A recent article in the Richland Source,“UMADAOP’s CLFC program cultivates, strengthens healthy family bonds,” identifies Ohio University’s Voinovich School of Leadership and Public Affairs as a partner in evaluating the Creating Lasting Family Connections® (CLFC) program offered by the Federation of Urban Minority Alcoholism and Drug Abuse Outreach Programs (UMADAOP).
As partners in Ohio’s Children of Incarcerated Parents (CIP) Initiative, the Voinovich School Programmatic Partnership for Community-Based Prevention worked with the UMADAOPs and Ohio Department of Mental Health and Addiction Services (OhioMHAS) Office of Prevention and Wellness to provide training, technical assistance, and evaluation support for service providers working with families where one or more parents have experienced criminal justice involvement. By building capacity among agencies and organizations implementing the CLFC program, they helped to build the infrastructure necessary for coalitions, faith-based organizations and service providers working in the correctional, criminal justice, court and reentry systems to embed evidence-based programming into their current service systems.
The CLFC Curriculum Series was rolled out statewide at the end of 2015 as a training grant by officials from OhioMHAS, as the focal point of their CIP Initiative. This program aims to increase personal and family strengthening skills among offenders and restored citizens to support a successful transition back to family and community. The CIP Initiative was expanded in 2017 with funding from the 21st Century CURES Act to include capacity building and funding for implementation. The initiative continues today with a full complement of services to facilitate the implementation of CLFC inside Ohio Department of Rehabilitation and Correction Institutions and also in community settings throughout the state.
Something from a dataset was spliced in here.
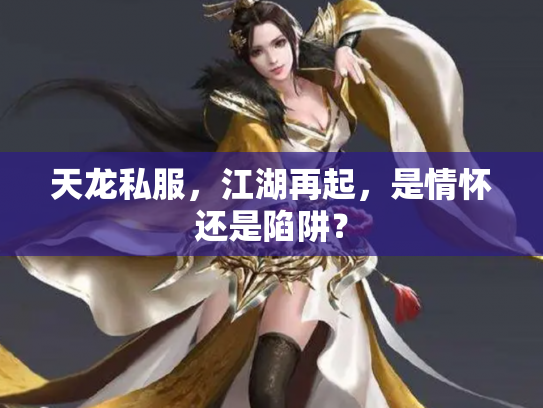 天龙私服，江湖再起，是情怀还是陷阱？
Research associate Holly Craycraft leads the evaluation of CLFC as part of the Voinovich School’s Programmatic Partnership for Community Based Prevention, which is directed by Dr. Holly Raffle. The School is collaborating with the Pacific Institute for Research and Evaluation and SheRay’s and Associates to provide support for the CIP Initiative.
“I am extremely proud of the continued expansion of the CIP Initiative throughout the state. We collaborate with an amazing group of partners, and being part of a project that is positively impacting the lives of restored citizens is both rewarding and inspirational,” Craycraft said.